§ DESCRIPTION OF THE TASK
Print exactly the lines from the one that contains "Building, Aerial View" through the last line of the material, both included, and leave out all pictures.

INPUT START

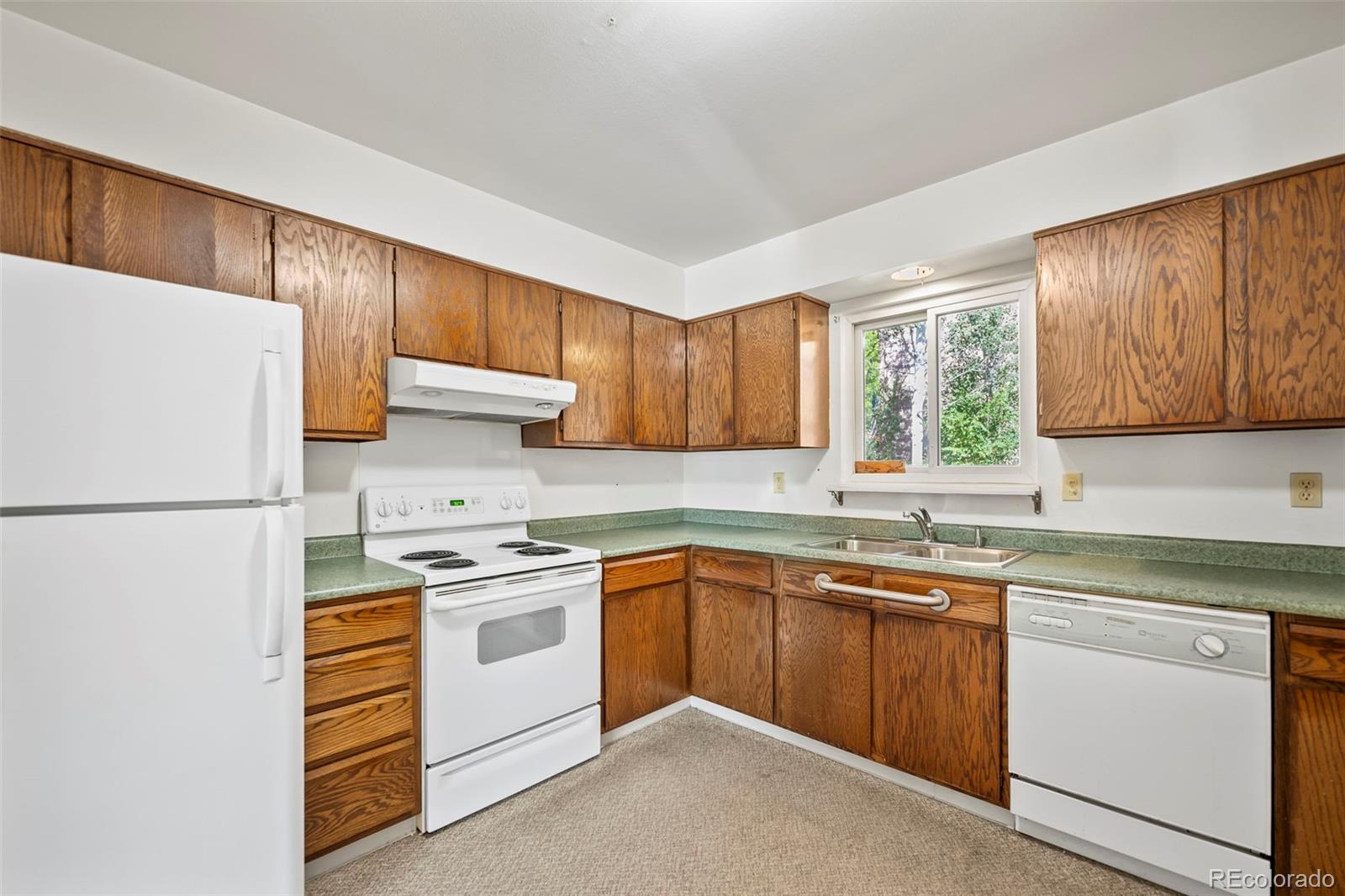 MLS Image #7 for 3325  raindrop drive,colorado springs, Colorado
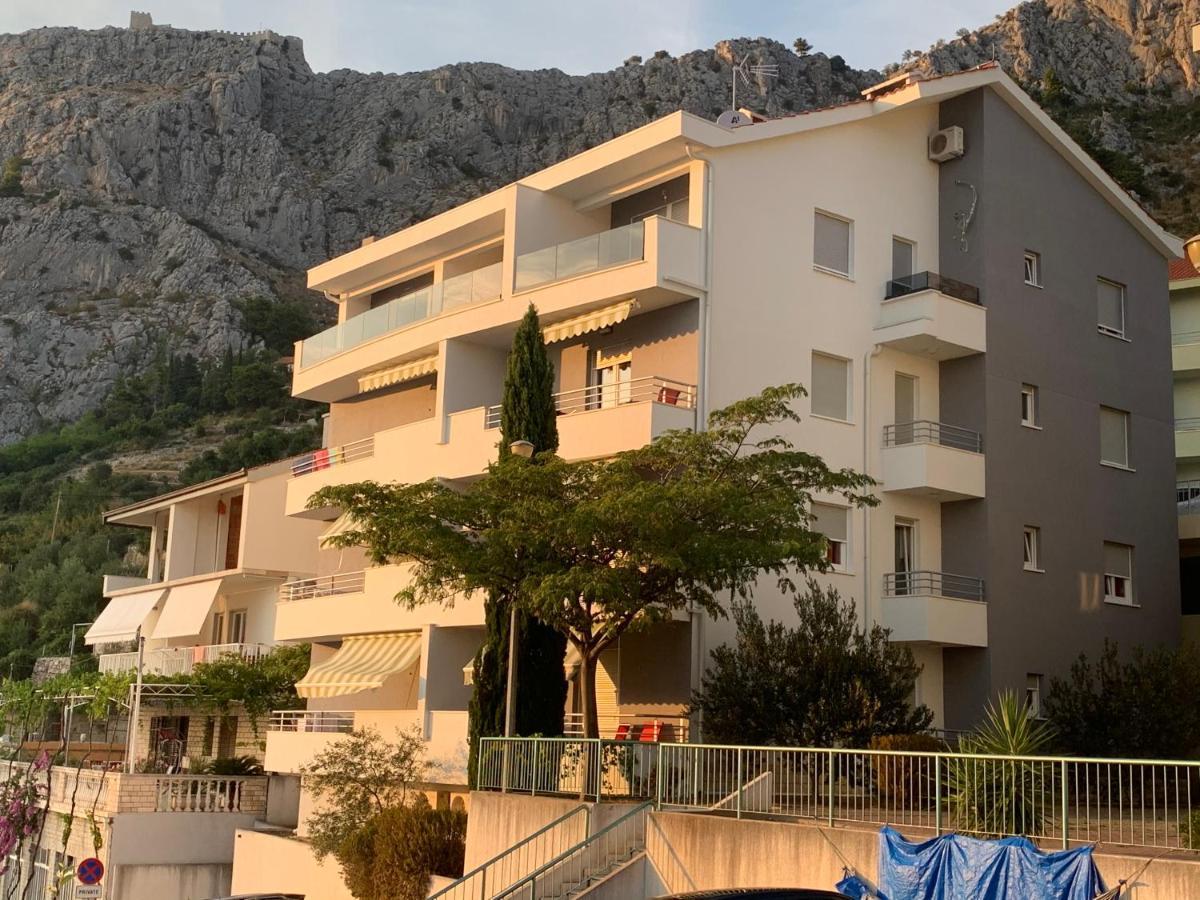 Apartments Beverly Оміш Екстер'єр фото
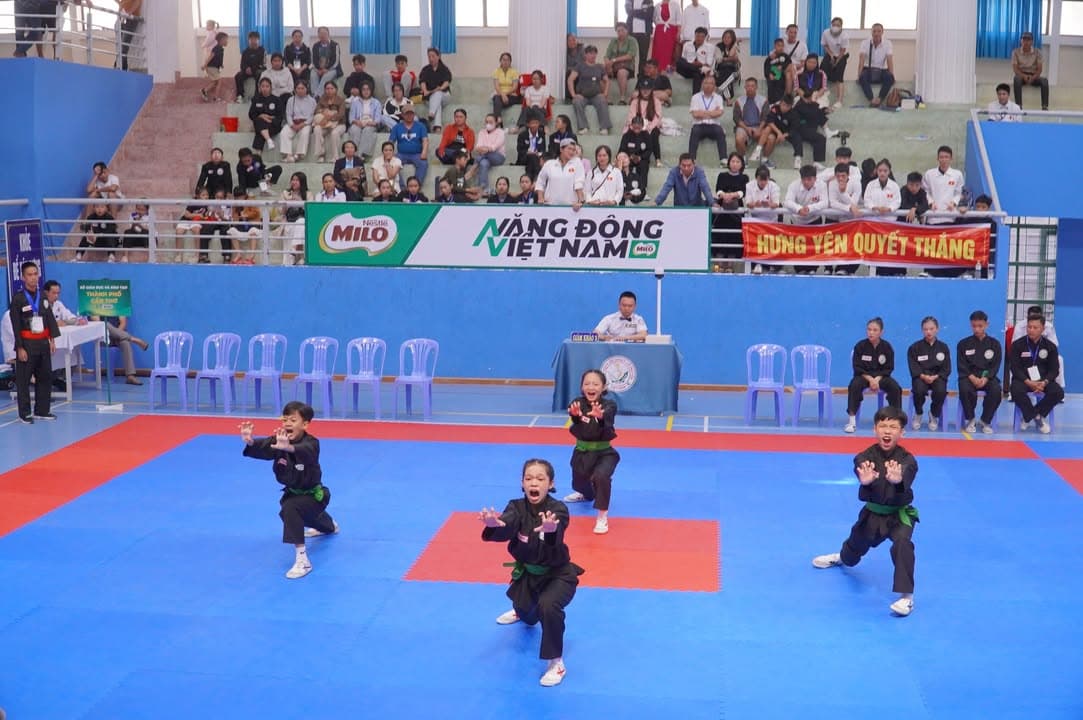 HÌNH ẢNH VÒNG CHUNG KẾT NỘI DUNG QUYỀN THUẬT - GIẢI THỂ THAO HỌC SINH PHỔ THÔNG TOÀN QU… — hình 95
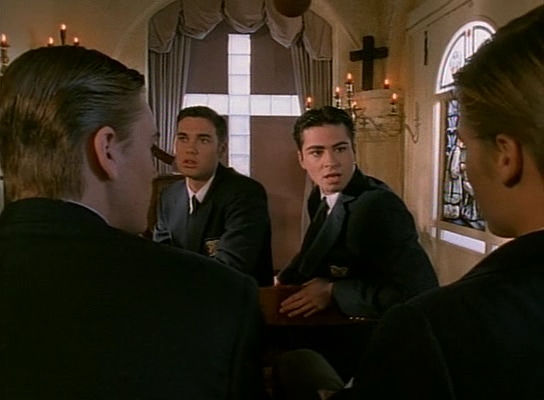 Charmed-Online-nl_VoodooDoll1661.jpg
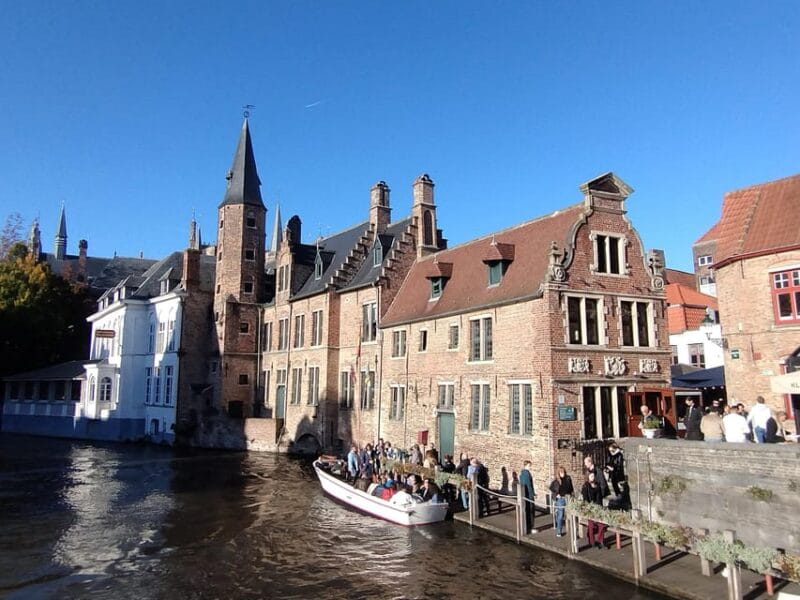 Small Group Walking Tour in Bruges - City and Beyond - Getting to Know Bruges: What to Expect
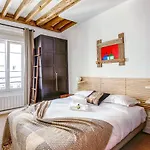 Guestready - Loft-Inspired Flat Near Montmartre Sleeps 4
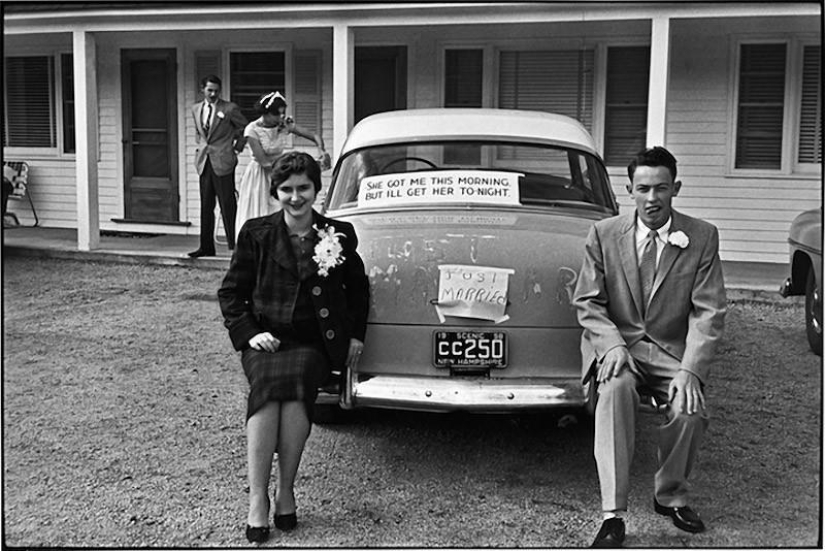 Warm and funny photos of Elliot Erwitt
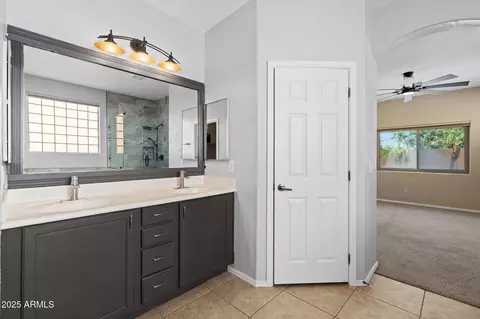 Bath - 1506 E Branham Ln, Phoenix, AZ 85042 photo 2 of 5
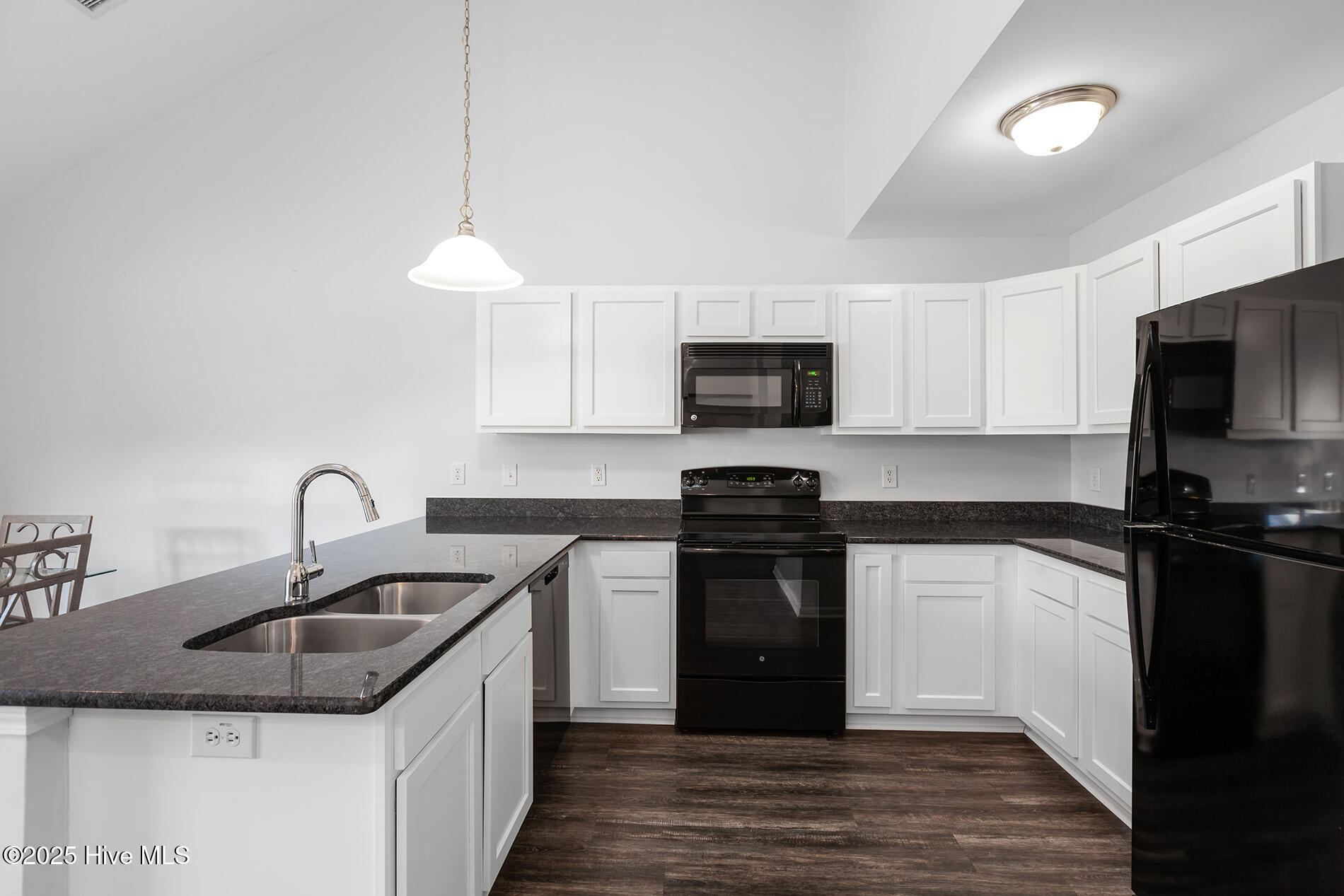 100526047 | Photo 11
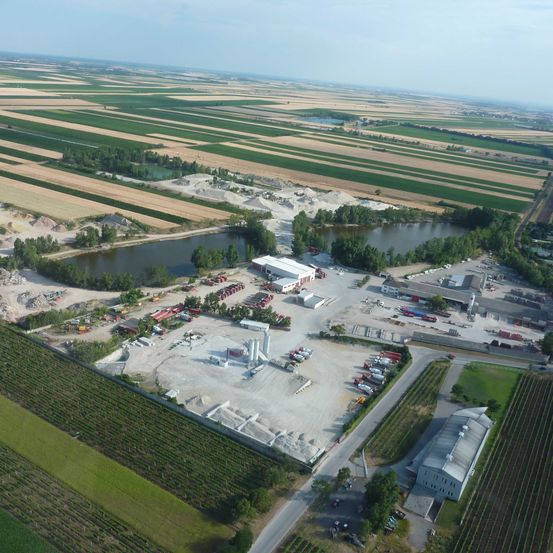 Bild enthält, Outdoors, Nature, Countryside, Rural, Farm, Architecture, Building, Aerial View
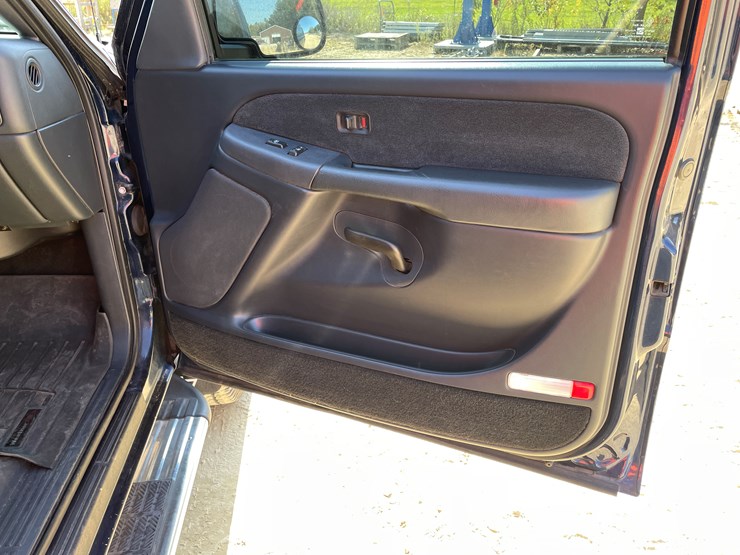 2002-chevrolet-silverado-2500hd-image-36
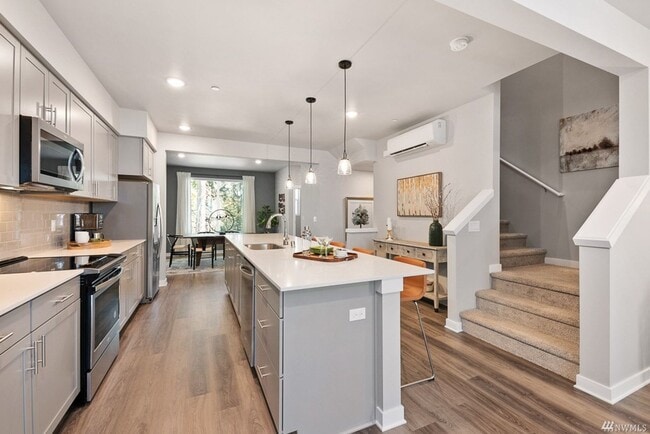 Building Photo - Beautiful recently built 3 bedroom 2.5 bathroom townhome in Lake Stevens!!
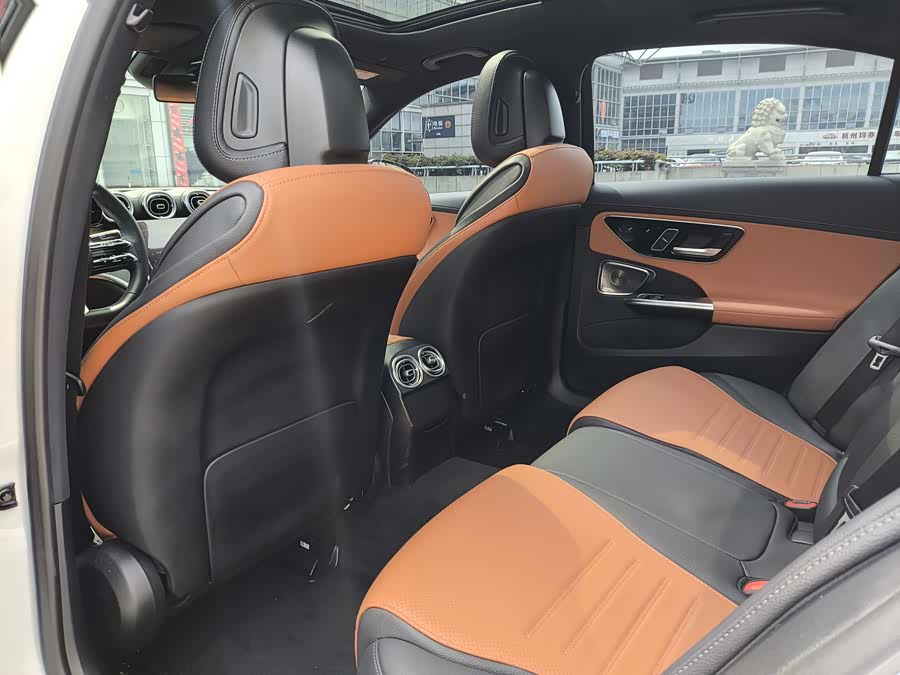 Mercedes-Benz C-Class 2023 — фото 15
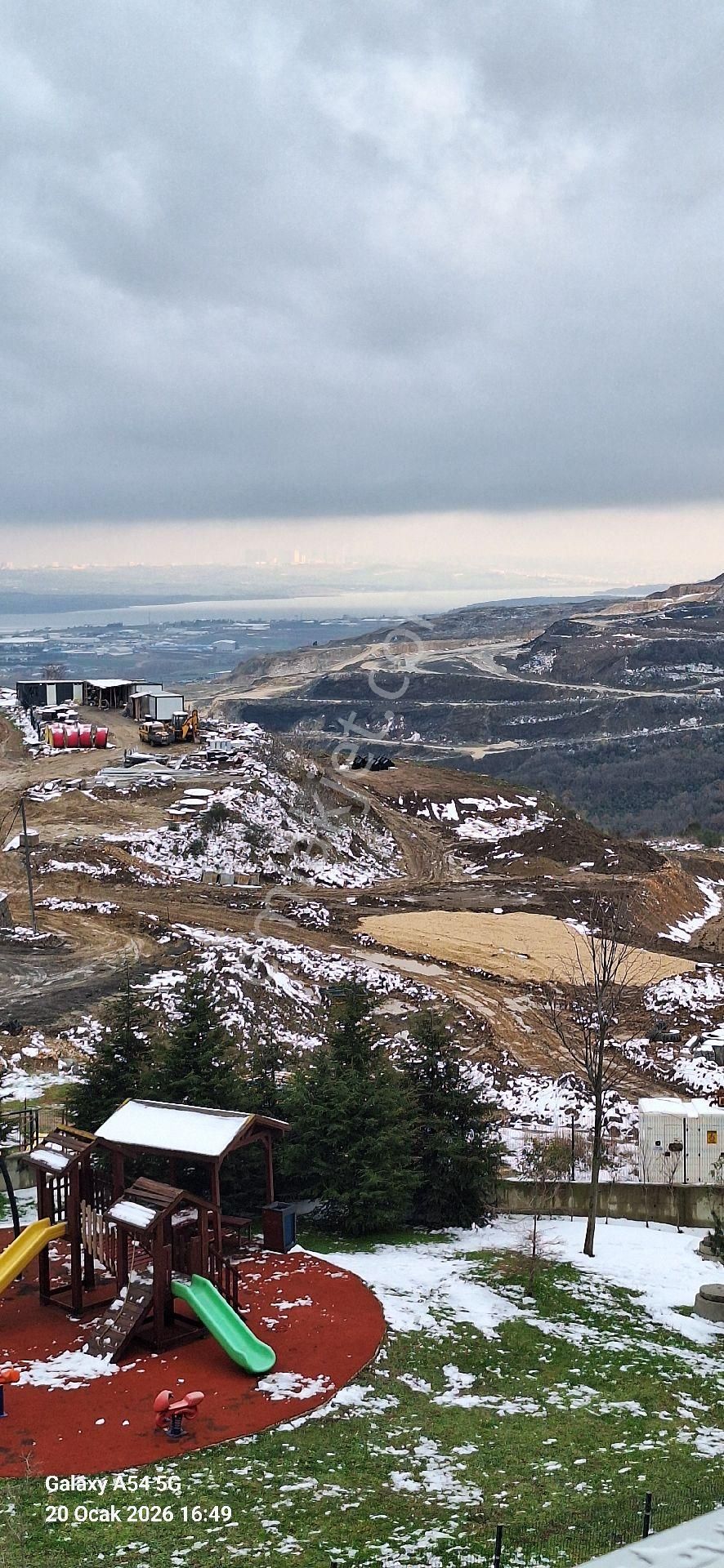 Çatalca Kiptaş Göl Manzaralı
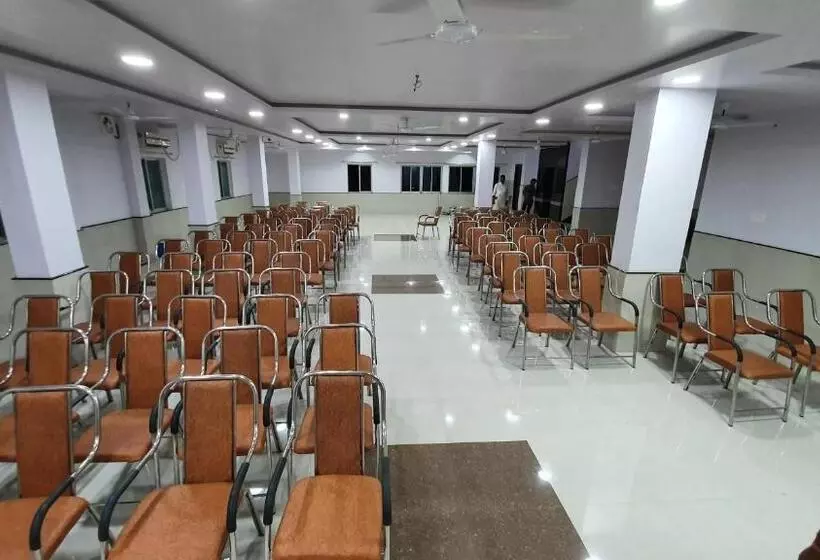 ホテル River View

INPUT END

§ ANSWER FOR THIS EXERCISE
 Bild enthält, Outdoors, Nature, Countryside, Rural, Farm, Architecture, Building, Aerial View
 2002-chevrolet-silverado-2500hd-image-36
 Building Photo - Beautiful recently built 3 bedroom 2.5 bathroom townhome in Lake Stevens!!
 Mercedes-Benz C-Class 2023 — фото 15
 Çatalca Kiptaş Göl Manzaralı
 ホテル River View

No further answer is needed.